Everything has been detailed to such a high specification, including the integrated Lutron lighting system by David Brown Lighting Design and the electric Velux roof lights with rain sensors. As Ben says: “Technically, it’s an impressive house with a very high specification. All along with our client it was that approach of, let’s do this right.”

Things looked very different when Four-By-Two became involved with this project at the end of 2013. Number 29 had last been refurbished around 1980 and there was a garage – a former carriage house – where the sitting room is today, and which the previous owners had used as a games room and for storage. “It was a fairly standard 1980s conversion to a mews, and soon as you walked into the former garage it was crying out to have something done,” Ben says. “Our client wanted to create a statement property, therefore we were looking at making the best use of the volume and creating the most dramatic space.”

Forming the new sitting room was fundamental to this, and so was opening up the kitchen, dining and living room to create a wonderful main living area. The glazed partition and doorway between the hallway and this space recalls the look of metal Crittall windows but was detailed in timber. The kitchen was designed around the CornuFé double gas and electric range by La Cornue, and it contrasts beautifully with the sleek contemporary cabinets and Corian worktops.

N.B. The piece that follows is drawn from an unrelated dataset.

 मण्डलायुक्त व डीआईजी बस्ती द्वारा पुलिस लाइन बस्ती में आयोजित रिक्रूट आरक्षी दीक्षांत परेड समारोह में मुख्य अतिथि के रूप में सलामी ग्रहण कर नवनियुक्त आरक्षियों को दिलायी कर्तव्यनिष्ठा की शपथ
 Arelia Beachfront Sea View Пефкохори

This idea of juxtaposition, of traditional merged with contemporary, is continued throughout – in the marble fireplace within the seating area of this open plan space, for example, or upstairs in the master en-suite, where that bath is combined with a lions head filler tap. “The clients likes an eclectic mix of things so there’s no single language,” Ben says. Credit for the interior also goes to Atholl Macfarlane of Remus, who helped supply the fabrics and made the headboards and curtains.

Everything that was in the original house was been renewed, from the wiring and plumbing to the heating system, like a new house within an old shell. The master suite is clearly a highlight, but then so are details like the steel fireplace – untreated steel as the architects and client wanted a raw finish here – and, of course, those sculptural steel ‘blades’. “If you look at Art Deco design, you would see expressive railings created from simple elements, so we wanted to do something similar using metal slats that are welded together at different angles so there’s a rhythm running through it,” Ben says. “We modelled the blades and the views around them, so when you’re walking past you don’t get views in, but from inside, you get great views out.”